We can shorten it further by using the signal id:

kill -15 123

In the following examples, we’ll be using this short format so we can get familiar with the numerical values.

4. SIGQUIT (3)

Sending a process the SIGQUIT signal is the same as asking it to shutdown with SIGTERM. The difference is that SIGQUIT makes the OS perform what is called a core dump:

kill -3 123

The core dump is a snapshot of the working memory of the process at the time we sent the kill signal and by default will be written to the current working directory.

We can use core dumps for debugging purposes.

Note that while quitting is the default behavior, Java is an example of a process that doesn’t quit with a SIGQUIT, it only does a core dump.

5. SIGKILL (9)

By choice of the programmer, processes don’t have to respond to every signal.
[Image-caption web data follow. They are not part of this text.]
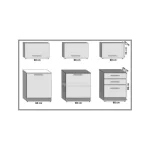 Polepšajte svojo kuhinjo z modernim kuhinjskim blokom FENIX 180 v visokem sijaju. Dobavljiv je v več različnih barvah kuhinjskih elementov. Delovni pult ni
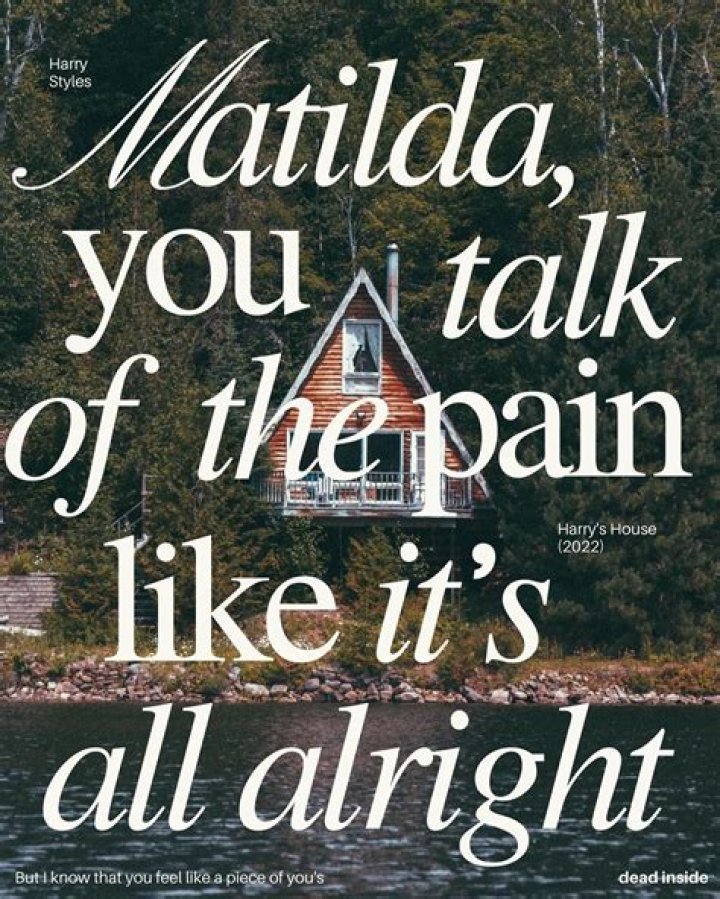 LYRICS: Harry Styles – Matilda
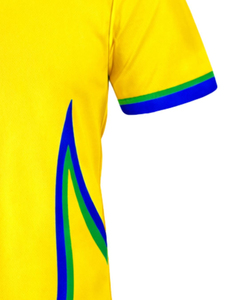 Conjunto de Fútbol Amarillo y Azul para Hombre, Camiseta y Pantalones Cortos Transpirables de Poliéster para Entrenamiento, Partido y Deportes de Equipo - Product Image 5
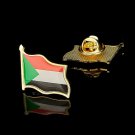 African Country The Republic of the Sudan Khartoum Waving National Flag Lapel Pins Patriotism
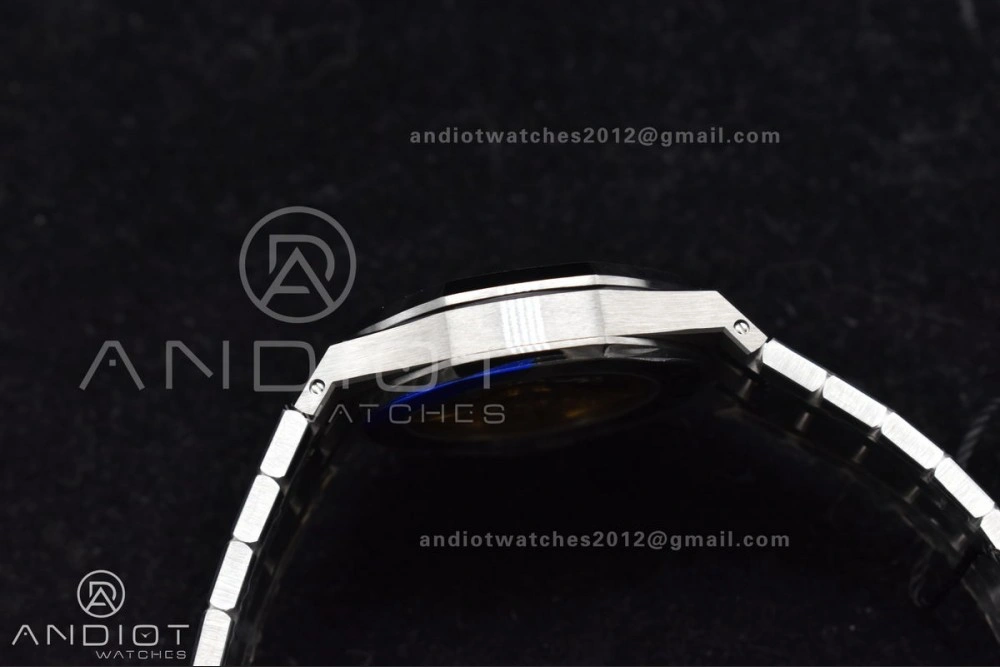 Royal Oak 37mm 15450 SS ZF 1:1 Best Edition Gray Textured Dial on SS Bracelet SA3120 Super Clone MultiPurpose 1030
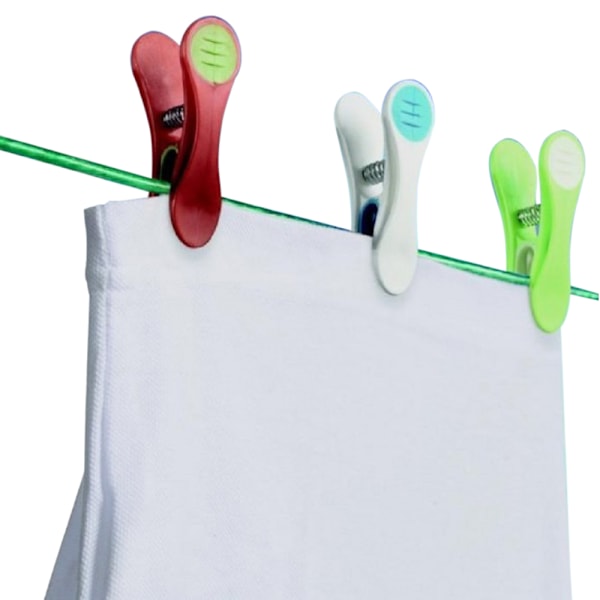 SupaHome Klädnypor i Plast (10-pack) One Size Flerfärgad Multicoloured One Size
In such a case, or for processes that are hogging CPU for example, we can force it to terminate using the SIGKILL signal:

kill -9 123

With SIGKILL we ask the kernel to immediately shut down the process. The process dies and won’t clean up after itself.

This means there is a risk of data loss or even worse, data corruption.

Now, while SIGTERM, SIGQUIT and SIGKILL are certainly the most common, we’ve got one more signal to look at: SIGSTOP.

6. SIGSTOP (19)

Unlike the name might suggest, the SIGSTOP signal will not terminate a process. It is the equivalent of stopping and putting a process in the background with ctrl+z.

We stop a program with:

kill -19 123

The process can be resumed by sending the continue signal SIGCONT (18):

kill -18 123

7. Conclusion

In this article, we saw how we can use the kill command to terminate processes. We can terminate processes in various ways by sending different signals.

We should always first try to terminate a hanging process by sending either the SIGTERM or SIGQUIT signal. That way, the process can exit properly by cleaning up after itself. We should use SIGKILL as a last resort, as it may result in possible data corruption.